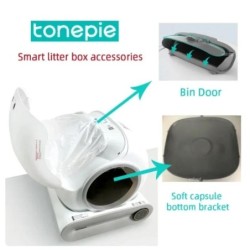 Tonepie Automatisches Katzentoilettenzubehör, Bodenkapsel, Belüftungsloch, Gummistopfen, Mülleimertür, Sandkontrollpad, Haust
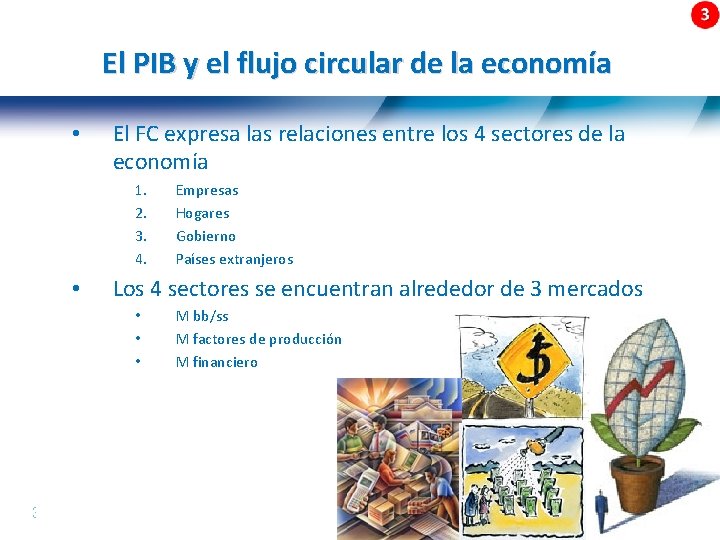 El PIB y el flujo circular de la economía • El FC expresa las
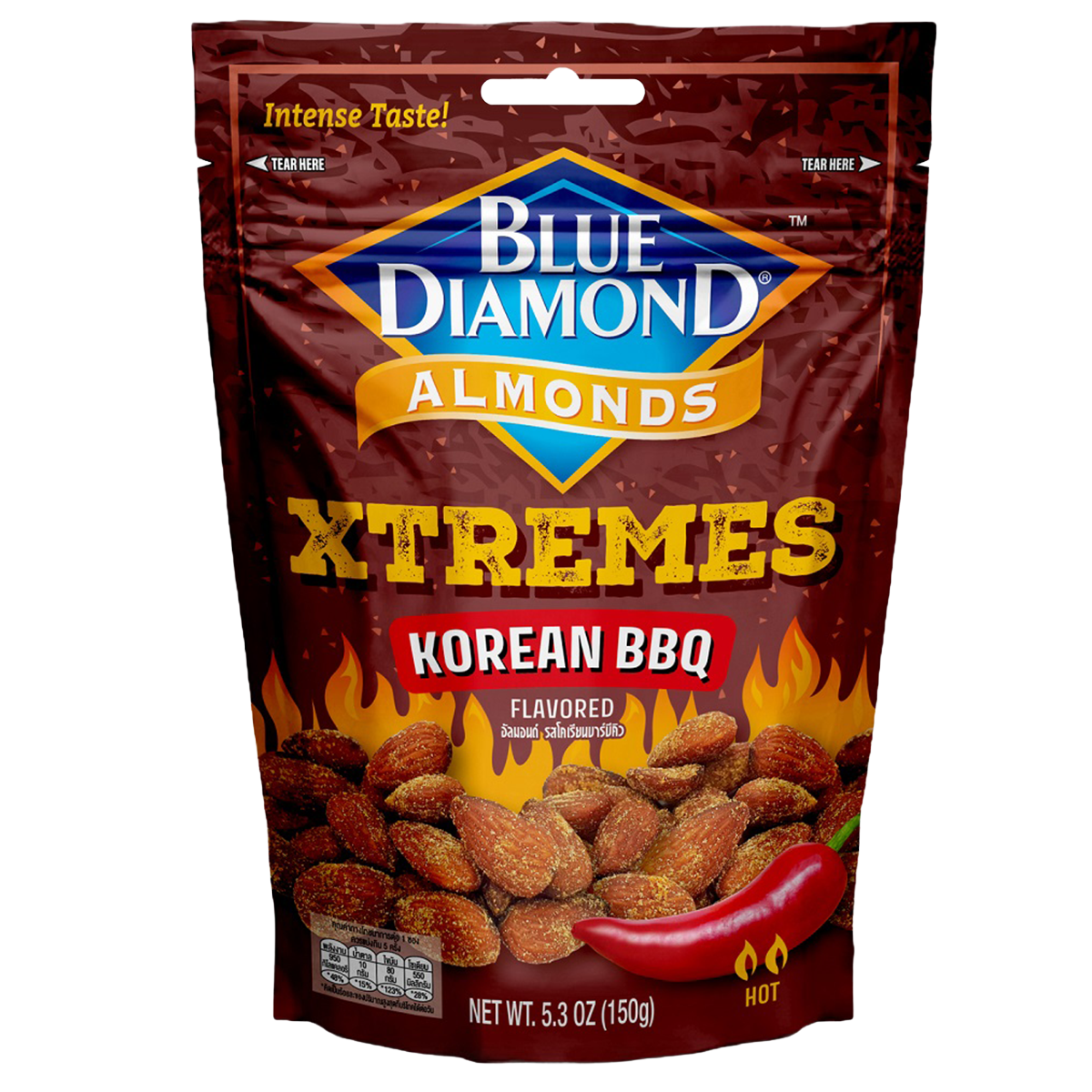 Blue Diamond Almonds Korean BBQ flavor confectionery snack in a clear bag with almonds visible inside.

● **INSTRUCTIONS FOR THE TASK**:
The output must start at the line holding "El PIB y el", end at the last line of the listing above, and show each line exactly; please omit all pictures.

● **RESPONSE FOR THIS EXERCISE**:
 El PIB y el flujo circular de la economía • El FC expresa las
 Blue Diamond Almonds Korean BBQ flavor confectionery snack in a clear bag with almonds visible inside.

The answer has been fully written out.